# Requirement
Give back each line of the listing below that contains the string "Women".
======== Entries supplied ========
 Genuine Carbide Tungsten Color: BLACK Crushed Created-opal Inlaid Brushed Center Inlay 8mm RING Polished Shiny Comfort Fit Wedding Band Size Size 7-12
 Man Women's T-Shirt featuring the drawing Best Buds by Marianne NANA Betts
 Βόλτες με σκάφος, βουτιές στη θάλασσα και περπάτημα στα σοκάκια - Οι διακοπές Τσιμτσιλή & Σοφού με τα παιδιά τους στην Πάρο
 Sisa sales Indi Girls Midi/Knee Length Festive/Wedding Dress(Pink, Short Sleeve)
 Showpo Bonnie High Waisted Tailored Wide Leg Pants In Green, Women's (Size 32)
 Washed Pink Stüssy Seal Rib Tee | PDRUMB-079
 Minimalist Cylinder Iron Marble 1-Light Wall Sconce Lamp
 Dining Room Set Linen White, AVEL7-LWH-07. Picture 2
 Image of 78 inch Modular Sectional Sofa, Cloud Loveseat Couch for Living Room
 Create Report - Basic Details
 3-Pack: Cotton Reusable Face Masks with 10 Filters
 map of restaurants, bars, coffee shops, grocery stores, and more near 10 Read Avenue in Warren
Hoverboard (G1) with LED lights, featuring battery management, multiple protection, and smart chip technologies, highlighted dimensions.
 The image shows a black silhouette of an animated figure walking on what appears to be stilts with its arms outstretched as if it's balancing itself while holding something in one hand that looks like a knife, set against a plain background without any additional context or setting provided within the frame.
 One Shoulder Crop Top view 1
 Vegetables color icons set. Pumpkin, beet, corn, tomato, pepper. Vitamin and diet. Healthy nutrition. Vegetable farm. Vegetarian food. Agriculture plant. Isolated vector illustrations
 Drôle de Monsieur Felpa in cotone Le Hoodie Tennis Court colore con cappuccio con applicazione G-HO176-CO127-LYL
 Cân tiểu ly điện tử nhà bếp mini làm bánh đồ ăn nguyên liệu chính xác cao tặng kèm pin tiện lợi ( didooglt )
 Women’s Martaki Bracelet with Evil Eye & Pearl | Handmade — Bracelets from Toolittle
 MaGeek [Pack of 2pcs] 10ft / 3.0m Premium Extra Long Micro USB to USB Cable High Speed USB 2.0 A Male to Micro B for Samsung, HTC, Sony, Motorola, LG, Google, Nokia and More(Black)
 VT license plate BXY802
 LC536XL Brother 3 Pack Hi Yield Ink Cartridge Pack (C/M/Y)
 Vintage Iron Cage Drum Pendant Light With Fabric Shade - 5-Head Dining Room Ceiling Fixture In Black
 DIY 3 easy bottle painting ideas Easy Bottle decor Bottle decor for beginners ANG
========
# Result
 Man Women's T-Shirt featuring the drawing Best Buds by Marianne NANA Betts
 Showpo Bonnie High Waisted Tailored Wide Leg Pants In Green, Women's (Size 32)
 Women’s Martaki Bracelet with Evil Eye & Pearl | Handmade — Bracelets from Toolittle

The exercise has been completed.